The Biden administration appealed Doughty’s injunction and filed an emergency order to pause it while their appeal is ongoing. The Justice Department lost its  request for the emergency order. (RELATED: Judge’s Injunction On Biden Censorship Operation Is More Far-Reaching Than Initially Reported)

Republican Attorneys General Eric Schmitt of Missouri and Jeff Landry of Louisiana filed the lawsuit in 2022. They alleged frequent interactions in which federal agencies asserted to big tech companies that social media posts were disinformation violated First Amendment prohibitions against government censorship.

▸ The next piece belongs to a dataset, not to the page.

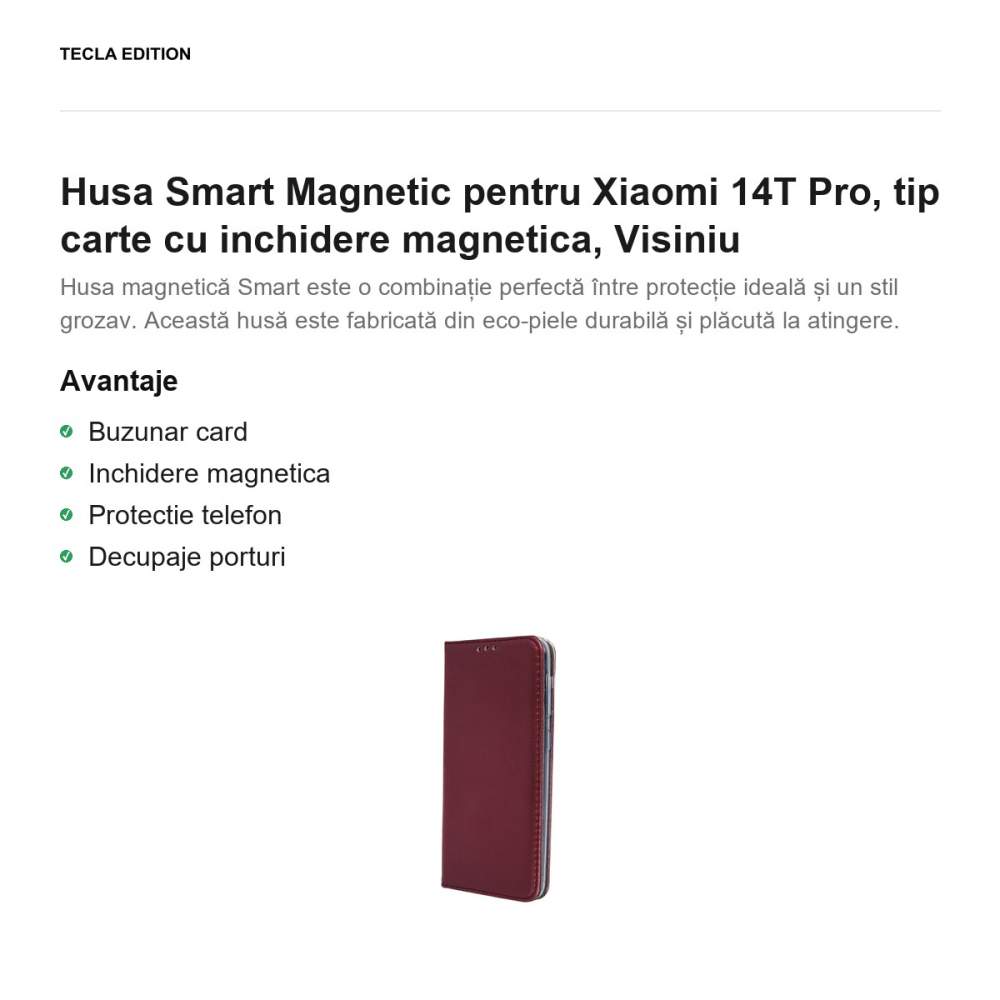 Husa Smart Magnetic pentru Xiaomi 14T Pro, tip carte cu inchidere magnetica, Visiniu [2]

Documents obtained during discovery revealed that the FBI, CDC, and other agencies interacted with Facebook, Twitter, and other tech companies about COVID-19 and the 2020 election.

Former Twitter executive Yoel Roth informed the Federal Election Commission that FBI agents alerted Twitter to a possible Russian hacking operation targeting Hunter Biden in the run-up to the 2020 election. Going off of that information, Twitter censored a New York Post story that used information from his laptop. However, FBI officials authenticated Hunter Biden’s laptop in 2019, IRS whistleblower Gary Shapley testified to the House Ways and Means Committee in June.